Police watchdogs said officers “crossed the line” and used excessive force when they drove their vehicles into a crowd of protesters at a Black Lives Matter protest in Brooklyn in May 2020. A defense attorney lauded their professionalism.

The two sides argued their cases Wednesday at an administrative trial for Officers Andrey Samusev and Daniel Alvarez. If found guilty of violating NYPD policy, they could each lose vacation days, or even be fired. The NYPD’s Internal Affairs Bureau has already declined to discipline either of the officers.

The Civilian Complaint Review Board, which investigates allegations of police misconduct, called for Samusev to lose his job and for Alvarez to be suspended for 30 days, forfeiting 30 vacation days and spending a year on what the NYPD calls “dismissal probation,” meaning he could be fired if he breaks the rules again during that time.

The CCRB’s case relied largely on several videos of the incident and its aftermath, which went viral on social media. No protesters agreed to speak during the administrative proceedings. An attorney for the CCRB said some had declined to testify on the advice of their lawyers after filing legal complaints in court.

The police response to the 2020 protests sparked hundreds of lawsuits and civilian complaints, including a federal lawsuit from Attorney General Letitia James accusing the department of using excessive force. The city’s Department of Investigation also raised concerns about the NYPD’s tactics in a report published several months after the protests.

But Michael Martinez, a defense attorney representing both officers, painted a picture of two officers who did what they needed to do to protect themselves during an “organized ambush.”

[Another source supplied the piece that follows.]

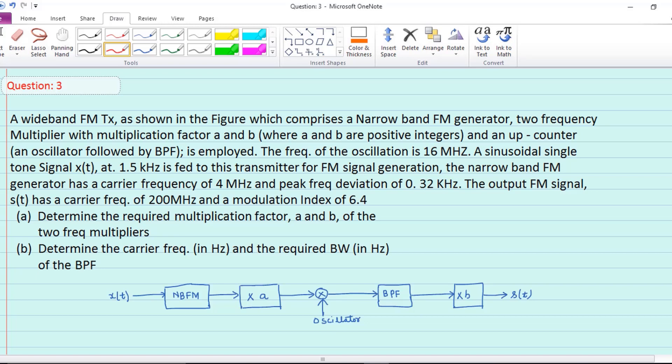Question number 3. A wideband FM transmitter as shown in the figure comprises a narrowband FM generator, two frequency multipliers with multiplication factors A and B where A and B are positive integers, and an up-converter which is an oscillator followed by a bandpass filter. The frequency of oscillation is 16 megahertz. A sinusoidal single-tone signal Xt at 1.5 kilohertz is fed to this transmitter for FM signal generation.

“You really have to put yourself in their position in that moment,” Martinez told the administrative judge during opening arguments.

Samusev testified that he ended up in front of a group of protesters blocking Flatbush Avenue near the Barclays Center while trying to find officers who had called over the radio, screaming for help. He said something hit his window, shattering the glass and cutting him. Video shows protesters surrounding his car, throwing traffic cones and other objects.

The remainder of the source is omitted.